As grandes empresas estão atentas ao novo segmento. A rede americana de fast food KFC, uma das maiores do mundo, vai testar no mercado russo, em parceria com a startup 3D Bioprinting Solutions, nuggets feitos por impressoras. Assim como o equipamento da Redefine Meat, as máquinas usam como ingredientes plantas e, nesse caso, moléculas de frango. Em poucos minutos, imprime-se um balde cheio de nuggets, com a vantagem adicional de que nenhum animal precisou ser sacrificado. Eis aí o fator que encanta ambientalistas: as carnes fake, obviamente, têm potencial para preservar milhões de vidas. “Sempre haverá pessoas criando e comendo animais”, disse em uma palestra nos Estados Unidos o cardiologista Uma Valeti, fundador da startup Memphis Meats, uma das principais empresas de carnes sintéticas do mundo. “Mas, pela primeira vez na história da humanidade, estamos perto de oferecer em larga escala um bife suculento, igualzinho à carne da vaca que estava pastando no campo, mas que foi 100% criado em laboratório.”
As
carnes produzidas em laboratório podem levar a uma radical
transformação na indústria de alimentos. Uma pesquisa feita pela
Universidade de Oxford, no Reino Unido, identificou trinta empresas que
tentam recriar em laboratório carnes idênticas às consumidas hoje em
dia. Antes das impressoras 3D, porém, os projetos eram caros e
demorados, o que inviabiliza a execução. Com os equipamentos de
impressão, espera-se que o setor ganhe novo dinamismo, e provavelmente
não vai demorar para que as carnes fake fabricadas por uma máquina
instalada no fundo de uma cozinha constem no cardápio de restaurantes
estrelados. Não à toa, jovens companhias como a Memphis Meats, uma das
maiores do ramo, contam com investidores pesos-pesados. Entre eles, Bill
Gates, fundador da Microsoft, e Richard Branson, criador da Virgin. Uma
das principais empresas de alimentos do mundo, a americana Cargill
desembolsou dezenas de milhões de dólares para alavancar a Memphis
Meats.
O
avanço das impressoras pode levar à impressão de carne de verdade. Um
artigo publicado pela revista científica Science apresentou detalhes de
um experimento realizado na Estação Espacial Internacional. O cosmonauta
russo Oleg Kononenko imprimiu no espaço células de cartilagem humana
usando um equipamento criado pela empresa russa de biotecnologia
Bioprinting Solutions. O método baseia-se em imitar o processo natural
de regeneração do tecido muscular, mas sob condições controladas.

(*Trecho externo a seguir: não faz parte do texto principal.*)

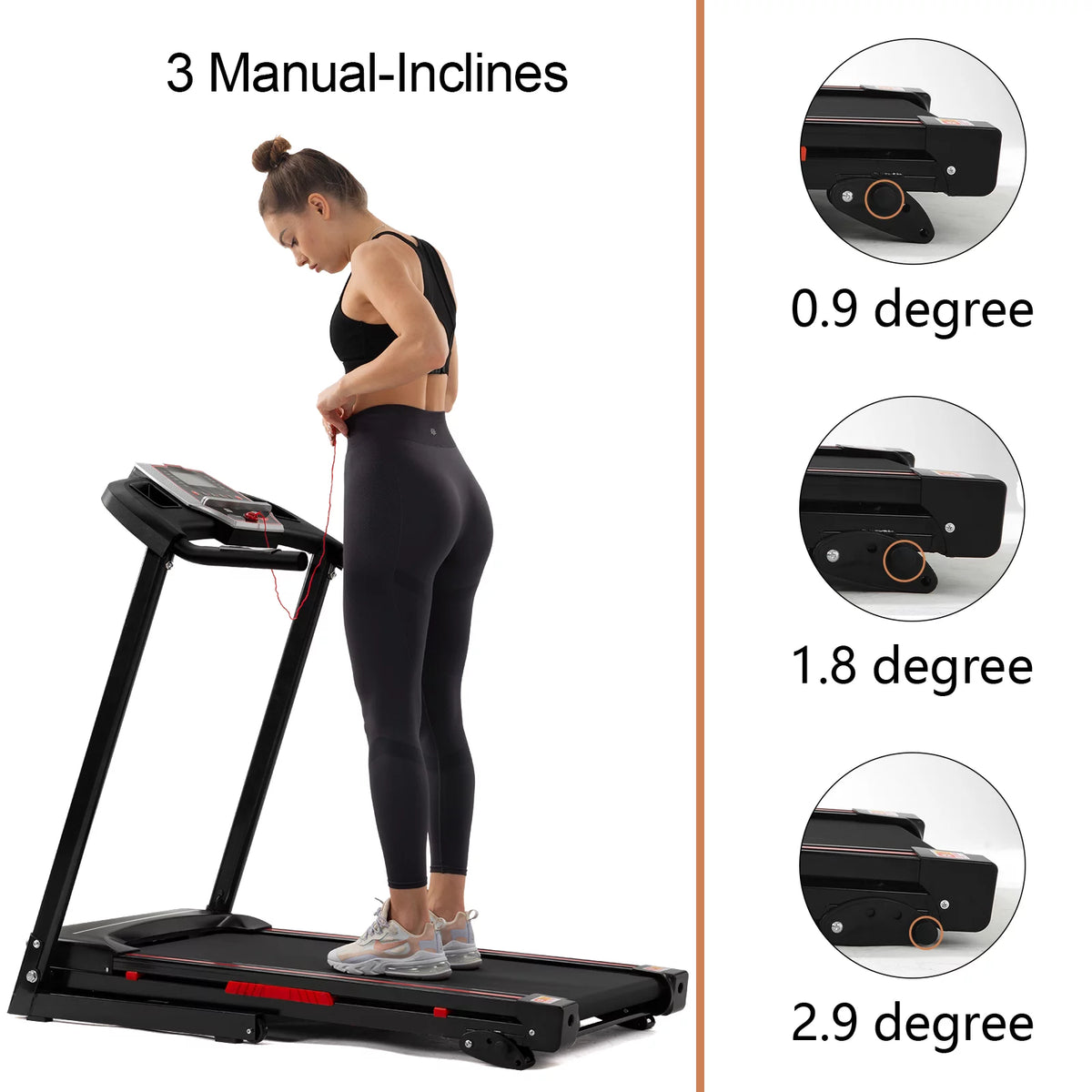 Folding Electric Treadmill with Incline A1020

Segundo Kononenko, a máquina 3D também foi capaz de produzir no espaço
glândulas tireoides de ratos. Trata-se de algo realmente espetacular.
Significa que, no futuro, as tripulações poderão imprimir seus próprios
alimentos, incluindo carnes de laboratório. Se tudo der certo, elas
serão tão saborosas quanto um belo pedaço de picanha.